Ce centre d’hébergement atypique, géré par l’association, regroupe deux dispositifs différents : une partie du site accueille des mères avec enfants, et l’autre partie, des personnes isolées, en colocation. Le projet, financé par la Métropole et par l’Etat, combine insertion vers le logement et insertion professionnelle. 

"En France, c’est la première fois que ce type de démarche a lieu"

Côté familles, le site affiche déjà complet. En ce moment, six mamans y habitent, avec chacune quatre enfants. Laura, arrivée d’Angola, est l’une d’entre elles. Pendant que ses trois plus grands enfants sont à l’école, scolarisés à Bron, elle peut s’occuper de sa petite dernière de deux ans, Rouzlana. À l’intérieur de la remorque qui lui a été attribuée, c’est comme un petit cocon, avec des jouets d’enfants éparpillés, et une décoration chaleureuse.
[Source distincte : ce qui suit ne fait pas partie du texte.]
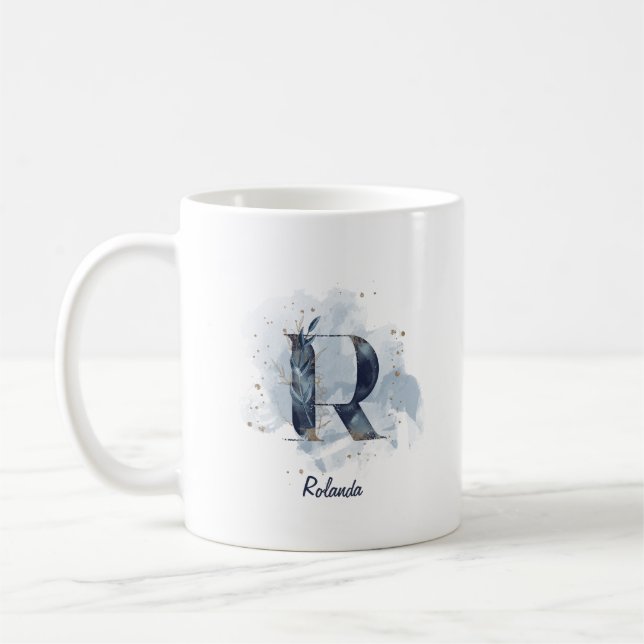 Mug Aquarelle bleue Nom personnalisé Lettre initiale R (Gauche)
Rouzlana, grands yeux et petites tresses, écoute sagement une histoire lue par Laura.

"Je suis chez moi" confie la mère de famille, qui savoure l’intimité et la sécurité retrouvées après avoir connu les placements en hôtels, les foyers, et même la rue. Laura a appris la langue de son nouveau pays avec une association. "Je continue à apprendre le français toute seule à la maison, et avec les enfants qui vont à l’école, ils m’aident beaucoup" précise cette maman qui souhaite construire un futur stable à ses enfants ici, en France.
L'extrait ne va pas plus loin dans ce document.